PSSAttention
PSSAttention copied to clipboard
An error in utils.py
I observed that an error in "read" function about TNet(+AS). Specifically,
line 51,52 in utils.py:
words.append(t.strip(end))
target_words.append(t.strip(end))
if use t.strip()
, it will cause an error , such as 'nicki/n'.strip('/n')
the ouptut is 'icki' rather than 'nicki'
when I try to use t[:-2]
to replace t.strip()
:
words.append(t[:-2])
target_words.append(t[:-2])
I find the best accuracy in Twitter data set is only 72%-74%.
Thank you for finding this error in utils.py. Because this part of the code is directly from TNet (https://github.com/lixin4ever/TNet). I do not check this very carefully. However, I think the dropped performance originates in small data size. Due to the small data size, the random seed is really important. In our experiments, all random seeds are directly from TNet, too. If you want to obtain comparable performance in Twitter data, I suggest you should adjust random seed.

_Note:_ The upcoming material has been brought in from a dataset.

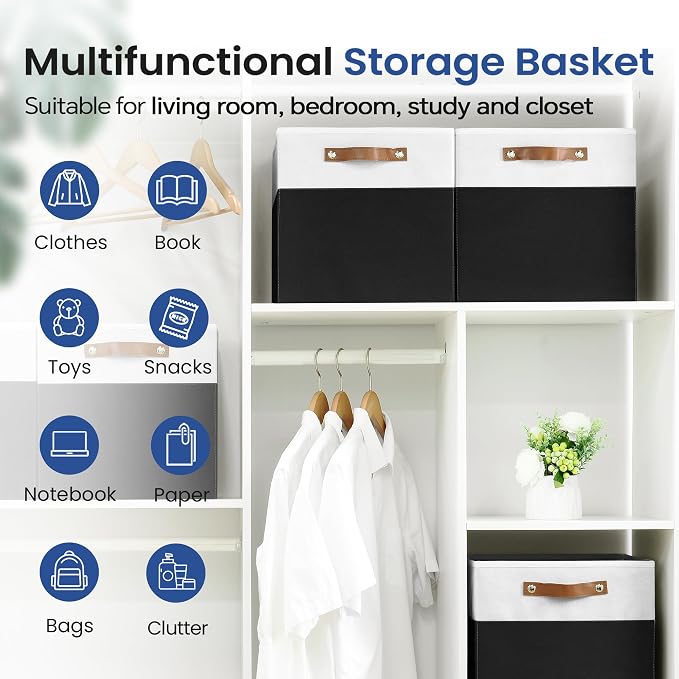 FinishingBo 13 inch Storage Bins with Labels 6 Pack | PU Leather Handles, Foldable Storage Cubes, Storage Baskets, Closet Storage, White/Black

Thank you again for your careful inspection. I will fix this problem in the future. :-P
Hello, I'd connected with the author of TNet. Such pre-processing error indeed affects the final performances (1-2% accuracy drop). However, after discussing, considering this pre-processing error and the issue that theano is no longer maintained, he highly recommends to use ABSA-pytorch, a pytorch-based implementation of many ABSA models including TNet, for reproduction. And you can refer Issue4 in TNet for more information.
Thank for your reply. I am confused that this preprocessing error has such an impact on performance. Maybe it's caused by the small data size.